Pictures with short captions
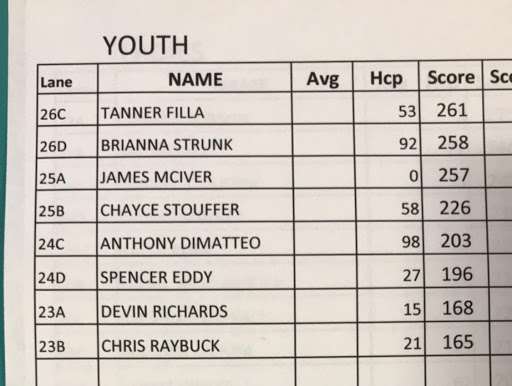 Bowling Alley «Pin Street At Fort Myers», reviews and photos, 4140 Fowler St, Fort Myers, FL 33901, USA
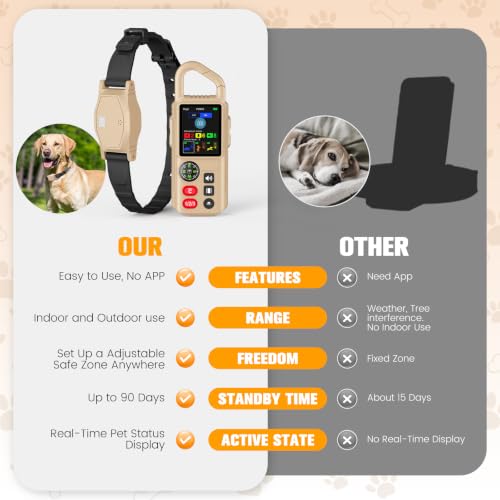 4-in-1 Wireless Dog Fence System for Medium Large Dogs, Remote Training | Invisible Electric Dog Fence for Stubborn Dogs, 3300FT Range, IPX7 Waterproof, Real-Time Display, Indoor & Outdoor Use, Khaki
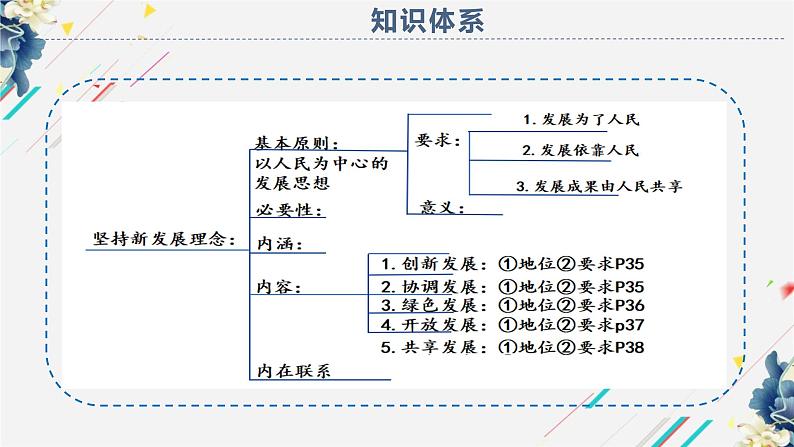 统编版高中政治必修二经济与生活 3.1 坚持新发展理念 课件 （第2页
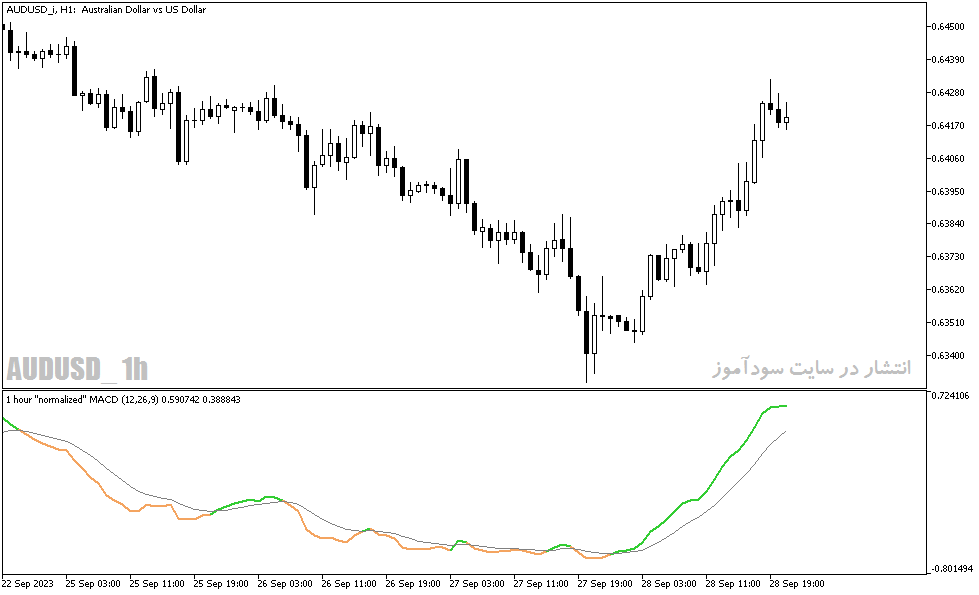 دانلود اندیکاتور مکدی با نام Normalized MACD Indicator در متاتریدر5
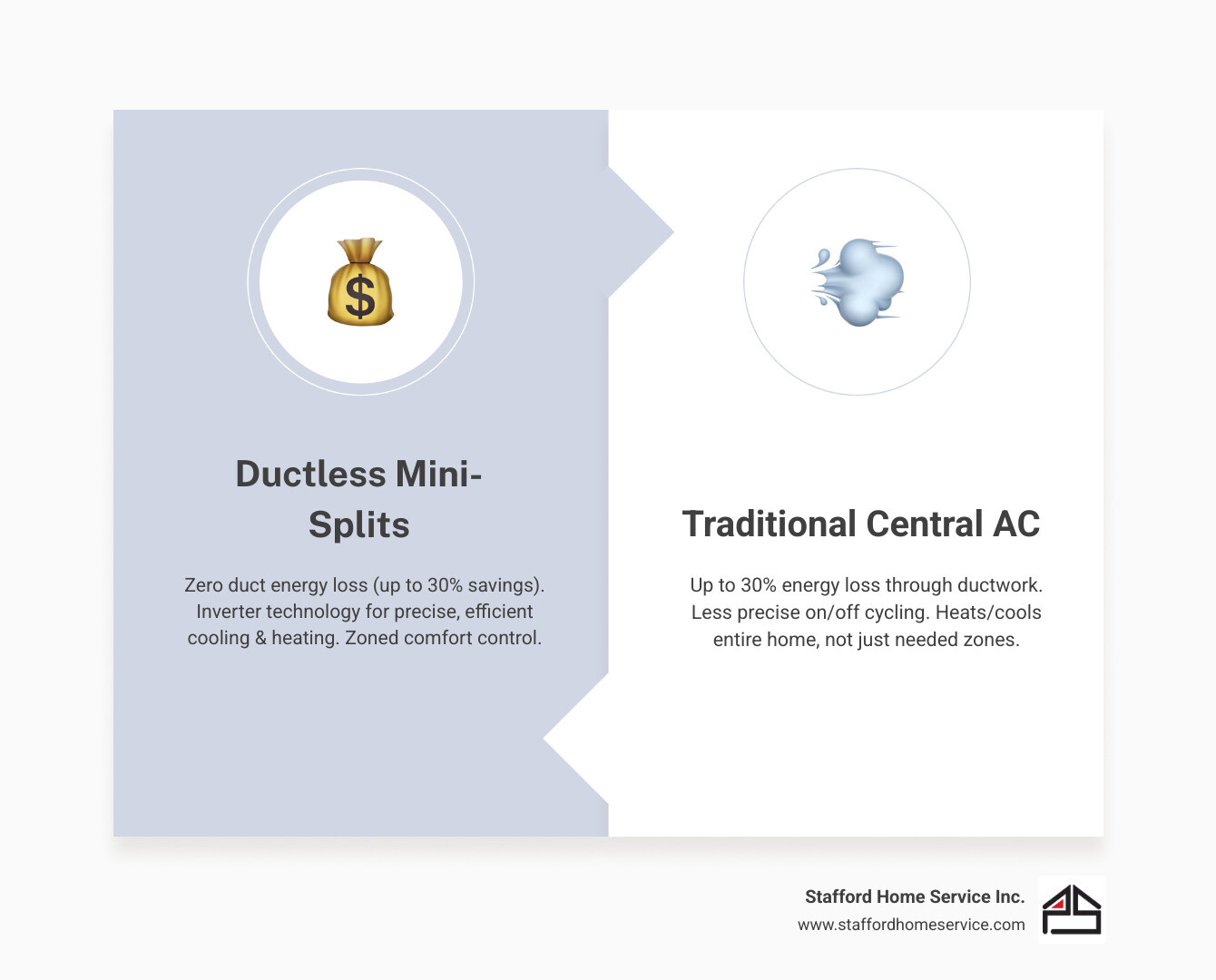 infographic showing energy savings comparison between ductless and traditional ac systems - do ductless air conditioners need to be vented minneapolis mn infographic comparison-2-items-formal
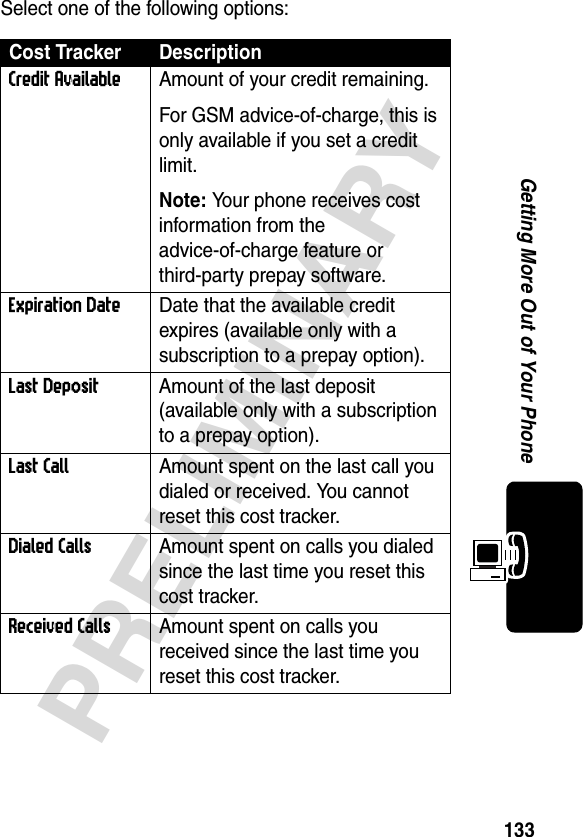 133PRELIMINARYGetting More Out of Your PhoneSelect one of the following options:Cost Tracker DescriptionCredit Available  Amount of your credit remaining.For GSM advice-of-charge, this is only available if you set a credit limit.Note: Your phone receives cost information from the advice-of-charge feature or third-party prepay software.Expiration Date  Date that the available credit expires (available only with a subscription to a prepay option).Last Deposit  Amount of the last deposit (available only with a subscription to a prepay option).Last Call  Amount spent on the last call you dialed or received. You cannot reset this cost tracker.Dialed Calls  Amount spent on calls you dialed since the last time you reset this cost tracker.Received Calls  Amount spent on calls you received since the last time you reset this cost tracker.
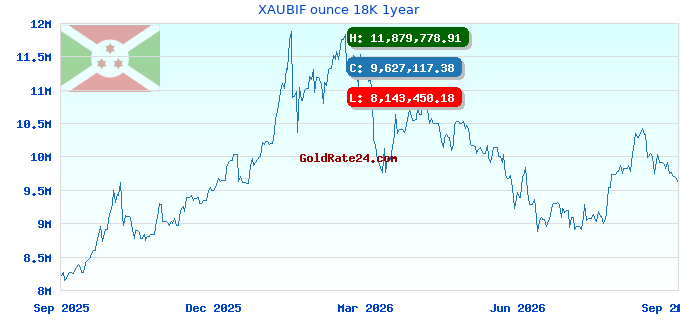 XAUBIF ounce 18K 1year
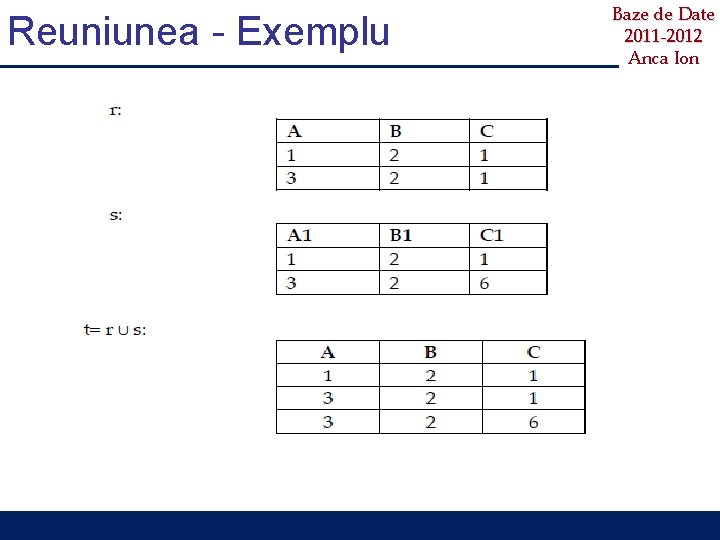 Reuniunea - Exemplu Baze de Date 2011 -2012 Anca Ion 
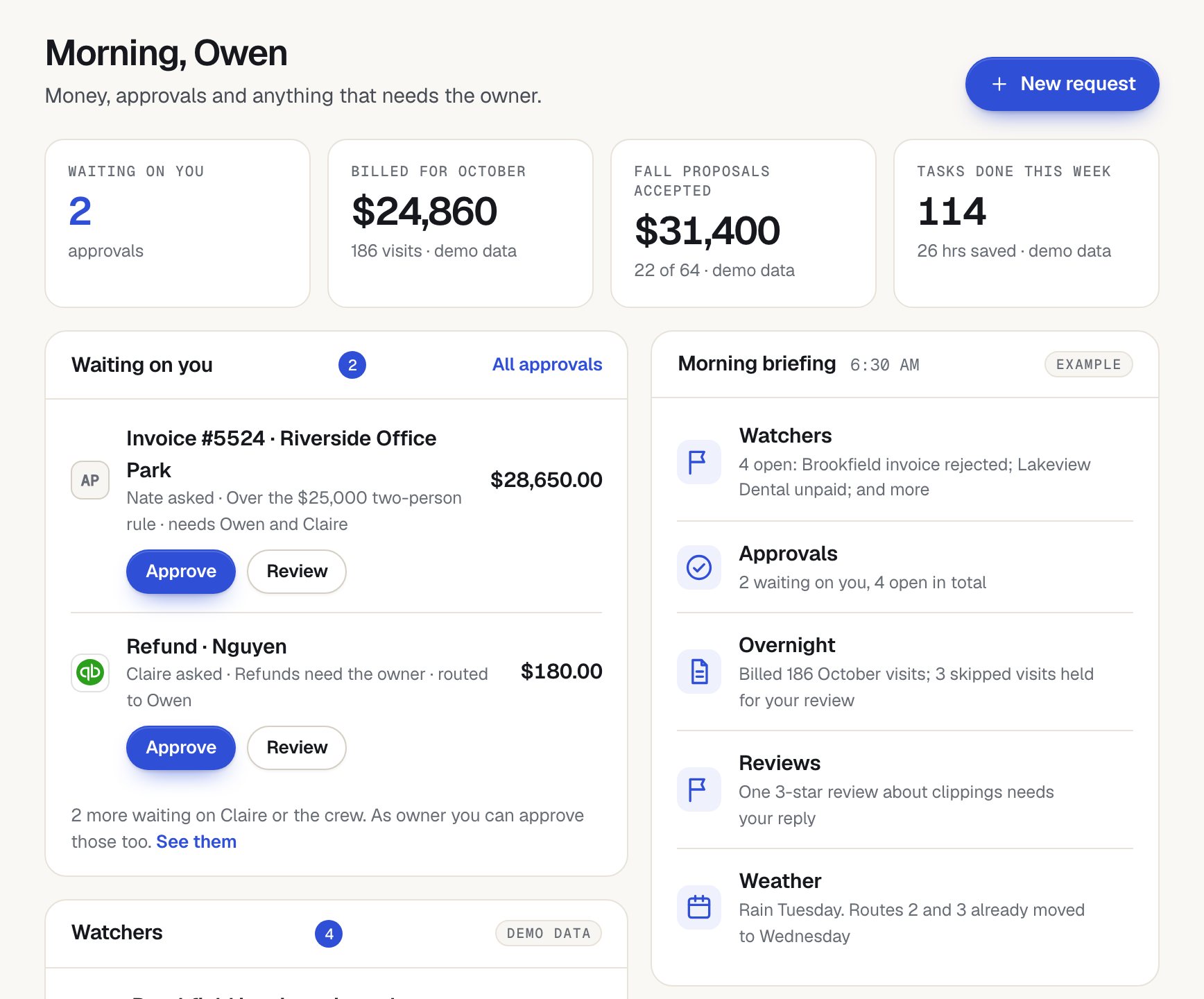 The Alvin app Today screen: approvals waiting on the owner, money stats and the morning briefing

● Task brief
Ending at the line with "دانلود اندیکاتور مکدی", reproduce exactly the lines that begin at the top of the data, and include no pictures.

● Expected output
 Bowling Alley «Pin Street At Fort Myers», reviews and photos, 4140 Fowler St, Fort Myers, FL 33901, USA
 4-in-1 Wireless Dog Fence System for Medium Large Dogs, Remote Training | Invisible Electric Dog Fence for Stubborn Dogs, 3300FT Range, IPX7 Waterproof, Real-Time Display, Indoor & Outdoor Use, Khaki
 统编版高中政治必修二经济与生活 3.1 坚持新发展理念 课件 （第2页
 دانلود اندیکاتور مکدی با نام Normalized MACD Indicator در متاتریدر5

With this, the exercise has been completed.